MAR 06, 2024 9:00 AM PST

Keynote Presentation: Wide-Spread Unappreciated Alpha-Synuclein Aggregates in CNS - a Cause of Symptoms, Caution and Optimism in Parkinson's Disease and Lewy Body Dementia? With Live Q&A

C.E. Credits: P.A.C.E. CE Florida CE
Speaker

Abstract

Parkinson’s disease (PD) belongs the group of synucleinopathies characterized by progressive aggregation of the neuronal protein alpha-synuclein (asyn). Diagnosis and evidence of disease pathology in tissue rely on the demonstration of loss of dopaminergic neurons in substantia nigra, pars compacta and the presence of Lewy bodies in some of the remaining neurons. Lewy bodies are intraneuronal inclusions rich in aggregated asyn. Lewy-like inclusions (Lewy bodies in cell bodies, and Lewy neurites in axons) represents the appreciated pathology in PD and dementia with Lewy bodies. Such inclusions are also used as a marker of asyn pathology in cell and animal models. The patients typically suffer from a range of non-motor symptoms the become worse during the disease. Recent data demonstrates that wider areas of the nervous system is affected by the presence of asyn aggregates than what can be appreciated by immunohistochemical staining of Lewy bodies, and such aggregates can also be detected in biofluids. This less appreciated asyn aggregates tells us that PD initiates long before diagnosis and impact the nervous tissue on a larger anatomical scale than anticipated from the presence of LB. The nature of these non-LB aggregates is still unknown, like their pathophysiological impact but they have contributed to the newly proposed biological staging systems for PD and Lewy body dementia.
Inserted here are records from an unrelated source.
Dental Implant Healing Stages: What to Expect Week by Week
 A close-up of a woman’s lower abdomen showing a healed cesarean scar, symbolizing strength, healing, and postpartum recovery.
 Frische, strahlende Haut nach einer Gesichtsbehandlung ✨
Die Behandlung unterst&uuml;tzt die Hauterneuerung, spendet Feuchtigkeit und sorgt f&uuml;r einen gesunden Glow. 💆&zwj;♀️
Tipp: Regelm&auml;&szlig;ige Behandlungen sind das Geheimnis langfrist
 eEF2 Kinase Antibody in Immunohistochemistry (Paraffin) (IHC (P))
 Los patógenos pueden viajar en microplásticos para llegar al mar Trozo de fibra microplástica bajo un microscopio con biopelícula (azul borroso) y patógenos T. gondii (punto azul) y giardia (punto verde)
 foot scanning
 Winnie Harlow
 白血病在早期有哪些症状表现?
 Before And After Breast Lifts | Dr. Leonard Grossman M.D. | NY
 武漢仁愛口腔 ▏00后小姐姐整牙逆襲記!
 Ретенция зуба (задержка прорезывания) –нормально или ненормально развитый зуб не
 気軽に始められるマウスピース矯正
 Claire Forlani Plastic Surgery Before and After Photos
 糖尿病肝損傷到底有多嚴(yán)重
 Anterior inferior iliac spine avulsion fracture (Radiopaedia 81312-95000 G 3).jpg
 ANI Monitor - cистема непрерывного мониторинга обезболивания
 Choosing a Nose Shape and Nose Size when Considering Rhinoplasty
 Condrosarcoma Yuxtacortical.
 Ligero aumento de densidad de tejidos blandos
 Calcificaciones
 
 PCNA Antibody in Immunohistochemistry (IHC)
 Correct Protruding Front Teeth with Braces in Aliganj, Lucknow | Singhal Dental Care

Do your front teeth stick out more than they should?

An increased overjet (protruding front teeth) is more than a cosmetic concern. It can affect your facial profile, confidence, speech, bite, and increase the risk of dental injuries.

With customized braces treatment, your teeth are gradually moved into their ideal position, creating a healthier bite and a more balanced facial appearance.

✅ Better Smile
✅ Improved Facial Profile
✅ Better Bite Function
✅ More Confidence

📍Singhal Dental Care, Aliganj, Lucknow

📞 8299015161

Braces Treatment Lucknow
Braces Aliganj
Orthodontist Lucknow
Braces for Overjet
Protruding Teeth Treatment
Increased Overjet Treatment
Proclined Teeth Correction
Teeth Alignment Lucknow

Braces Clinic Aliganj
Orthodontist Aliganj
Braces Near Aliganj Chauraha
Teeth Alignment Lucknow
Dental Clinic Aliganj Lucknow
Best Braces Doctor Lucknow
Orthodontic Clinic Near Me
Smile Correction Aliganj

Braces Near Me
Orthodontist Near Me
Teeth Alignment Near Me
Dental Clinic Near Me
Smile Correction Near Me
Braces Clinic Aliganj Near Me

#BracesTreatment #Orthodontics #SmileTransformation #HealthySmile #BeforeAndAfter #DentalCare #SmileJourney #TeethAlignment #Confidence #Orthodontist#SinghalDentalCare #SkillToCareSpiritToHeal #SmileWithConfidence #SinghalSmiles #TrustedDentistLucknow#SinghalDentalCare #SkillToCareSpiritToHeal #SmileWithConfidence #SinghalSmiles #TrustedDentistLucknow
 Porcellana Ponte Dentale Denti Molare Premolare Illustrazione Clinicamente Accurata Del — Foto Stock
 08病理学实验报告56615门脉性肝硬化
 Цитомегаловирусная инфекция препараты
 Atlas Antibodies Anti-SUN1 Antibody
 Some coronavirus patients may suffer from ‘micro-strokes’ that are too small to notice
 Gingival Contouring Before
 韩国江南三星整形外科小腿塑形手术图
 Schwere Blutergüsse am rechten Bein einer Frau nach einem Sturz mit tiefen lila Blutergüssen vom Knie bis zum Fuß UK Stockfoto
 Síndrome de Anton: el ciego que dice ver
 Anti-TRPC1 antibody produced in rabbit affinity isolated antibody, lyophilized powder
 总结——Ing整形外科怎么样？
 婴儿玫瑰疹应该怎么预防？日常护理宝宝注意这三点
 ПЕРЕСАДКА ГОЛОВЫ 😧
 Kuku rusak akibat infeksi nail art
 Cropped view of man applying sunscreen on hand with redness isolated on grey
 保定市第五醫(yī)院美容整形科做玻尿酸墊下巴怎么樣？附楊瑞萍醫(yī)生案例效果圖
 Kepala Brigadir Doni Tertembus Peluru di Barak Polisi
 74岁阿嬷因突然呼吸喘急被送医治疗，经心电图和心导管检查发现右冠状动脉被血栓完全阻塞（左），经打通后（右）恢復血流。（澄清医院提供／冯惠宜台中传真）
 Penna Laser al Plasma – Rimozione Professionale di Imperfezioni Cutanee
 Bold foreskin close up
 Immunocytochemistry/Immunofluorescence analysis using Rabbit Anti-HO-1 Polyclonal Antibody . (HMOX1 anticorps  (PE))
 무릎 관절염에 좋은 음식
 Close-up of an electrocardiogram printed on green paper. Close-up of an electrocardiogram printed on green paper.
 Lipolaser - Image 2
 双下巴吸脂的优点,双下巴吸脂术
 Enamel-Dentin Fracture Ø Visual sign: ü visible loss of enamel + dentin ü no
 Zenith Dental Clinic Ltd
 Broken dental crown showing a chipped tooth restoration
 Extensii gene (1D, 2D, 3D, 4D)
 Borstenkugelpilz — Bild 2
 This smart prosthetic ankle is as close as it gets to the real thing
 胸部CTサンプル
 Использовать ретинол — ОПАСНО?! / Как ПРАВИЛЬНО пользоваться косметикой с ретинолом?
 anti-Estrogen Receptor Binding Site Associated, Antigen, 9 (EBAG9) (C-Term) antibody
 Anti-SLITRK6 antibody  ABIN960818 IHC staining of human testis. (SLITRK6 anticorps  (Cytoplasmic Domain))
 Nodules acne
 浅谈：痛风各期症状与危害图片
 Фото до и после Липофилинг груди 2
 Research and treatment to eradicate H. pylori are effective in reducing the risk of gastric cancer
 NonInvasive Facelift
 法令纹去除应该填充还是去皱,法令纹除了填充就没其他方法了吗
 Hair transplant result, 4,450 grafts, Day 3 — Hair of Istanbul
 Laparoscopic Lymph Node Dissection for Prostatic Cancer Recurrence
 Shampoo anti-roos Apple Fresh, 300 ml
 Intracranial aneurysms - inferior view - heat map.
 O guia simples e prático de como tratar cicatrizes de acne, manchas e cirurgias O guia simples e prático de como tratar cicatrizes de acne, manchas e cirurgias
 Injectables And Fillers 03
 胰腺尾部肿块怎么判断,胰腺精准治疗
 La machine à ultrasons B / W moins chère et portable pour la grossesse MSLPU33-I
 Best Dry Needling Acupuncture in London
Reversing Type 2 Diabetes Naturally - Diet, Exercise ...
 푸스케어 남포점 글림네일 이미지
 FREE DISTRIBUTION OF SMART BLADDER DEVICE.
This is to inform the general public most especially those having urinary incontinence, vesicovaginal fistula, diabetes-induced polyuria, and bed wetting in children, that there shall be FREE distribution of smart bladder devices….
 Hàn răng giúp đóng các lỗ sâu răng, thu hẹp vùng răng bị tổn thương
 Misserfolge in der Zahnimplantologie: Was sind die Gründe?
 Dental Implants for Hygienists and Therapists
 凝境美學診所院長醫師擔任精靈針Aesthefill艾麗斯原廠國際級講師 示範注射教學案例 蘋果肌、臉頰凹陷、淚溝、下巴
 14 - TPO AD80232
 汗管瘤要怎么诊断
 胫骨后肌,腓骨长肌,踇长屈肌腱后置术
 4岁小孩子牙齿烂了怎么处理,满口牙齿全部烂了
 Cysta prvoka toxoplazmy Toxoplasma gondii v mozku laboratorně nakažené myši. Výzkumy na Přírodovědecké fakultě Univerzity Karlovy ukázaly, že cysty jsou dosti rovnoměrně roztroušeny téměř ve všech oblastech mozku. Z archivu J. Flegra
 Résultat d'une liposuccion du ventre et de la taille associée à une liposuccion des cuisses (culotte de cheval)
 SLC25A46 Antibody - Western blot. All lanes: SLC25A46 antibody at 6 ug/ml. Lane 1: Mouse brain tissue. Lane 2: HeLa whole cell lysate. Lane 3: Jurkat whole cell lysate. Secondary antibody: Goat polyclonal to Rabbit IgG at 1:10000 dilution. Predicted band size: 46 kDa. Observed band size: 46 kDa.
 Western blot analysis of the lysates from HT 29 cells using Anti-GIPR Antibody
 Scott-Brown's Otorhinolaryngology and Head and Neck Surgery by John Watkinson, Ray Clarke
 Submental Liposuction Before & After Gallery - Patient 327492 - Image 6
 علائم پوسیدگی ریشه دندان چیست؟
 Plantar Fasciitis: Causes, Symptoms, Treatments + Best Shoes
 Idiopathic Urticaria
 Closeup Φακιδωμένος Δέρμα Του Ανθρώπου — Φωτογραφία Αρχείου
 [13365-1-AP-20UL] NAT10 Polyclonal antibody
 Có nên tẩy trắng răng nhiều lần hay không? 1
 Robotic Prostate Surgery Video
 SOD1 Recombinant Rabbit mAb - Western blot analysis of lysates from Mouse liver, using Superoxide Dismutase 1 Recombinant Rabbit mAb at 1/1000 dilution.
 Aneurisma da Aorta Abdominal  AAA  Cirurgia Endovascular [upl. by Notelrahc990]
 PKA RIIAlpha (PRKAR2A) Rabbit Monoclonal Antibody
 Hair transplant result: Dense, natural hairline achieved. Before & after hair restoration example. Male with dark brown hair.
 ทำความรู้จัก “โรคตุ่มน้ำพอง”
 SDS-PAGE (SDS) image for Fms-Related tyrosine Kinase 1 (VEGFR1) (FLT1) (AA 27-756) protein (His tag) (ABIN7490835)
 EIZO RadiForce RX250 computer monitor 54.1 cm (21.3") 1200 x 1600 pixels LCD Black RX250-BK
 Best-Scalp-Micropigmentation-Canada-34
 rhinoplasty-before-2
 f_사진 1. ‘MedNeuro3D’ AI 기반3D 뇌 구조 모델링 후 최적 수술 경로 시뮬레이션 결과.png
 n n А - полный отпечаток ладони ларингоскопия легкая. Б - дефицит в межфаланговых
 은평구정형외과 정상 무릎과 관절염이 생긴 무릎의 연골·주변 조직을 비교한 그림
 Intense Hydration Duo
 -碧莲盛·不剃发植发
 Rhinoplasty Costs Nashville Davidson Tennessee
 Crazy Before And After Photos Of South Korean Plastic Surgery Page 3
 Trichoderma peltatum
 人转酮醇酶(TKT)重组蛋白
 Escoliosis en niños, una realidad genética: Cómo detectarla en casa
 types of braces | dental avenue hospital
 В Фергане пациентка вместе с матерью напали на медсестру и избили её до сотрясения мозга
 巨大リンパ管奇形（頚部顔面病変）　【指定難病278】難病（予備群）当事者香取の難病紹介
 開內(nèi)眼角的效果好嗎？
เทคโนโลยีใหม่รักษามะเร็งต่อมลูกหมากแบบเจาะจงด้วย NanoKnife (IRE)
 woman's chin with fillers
Their presence in apparently unaffected neurons suggests they are strongly toxic but may contribute to symptomatology by making neuronal circuitries dysfunctional. This opens for new potential symptomatic treatments and disease modifying strategies.

Learning Objectives: 

1. Discuss different hypotheses for the development and progression of Parkinson’s disease.

2. Explain what neuropathology represents the established criteria for diagnosing Parkinson’s disease and their limitation.

3. Discuss the basis for novel analyses that demonstrated alpha-synuclein aggregates in tissue and biofluids that cannot be detected by the standard techniques used to demonstrate the established alpha-synuclein pathology.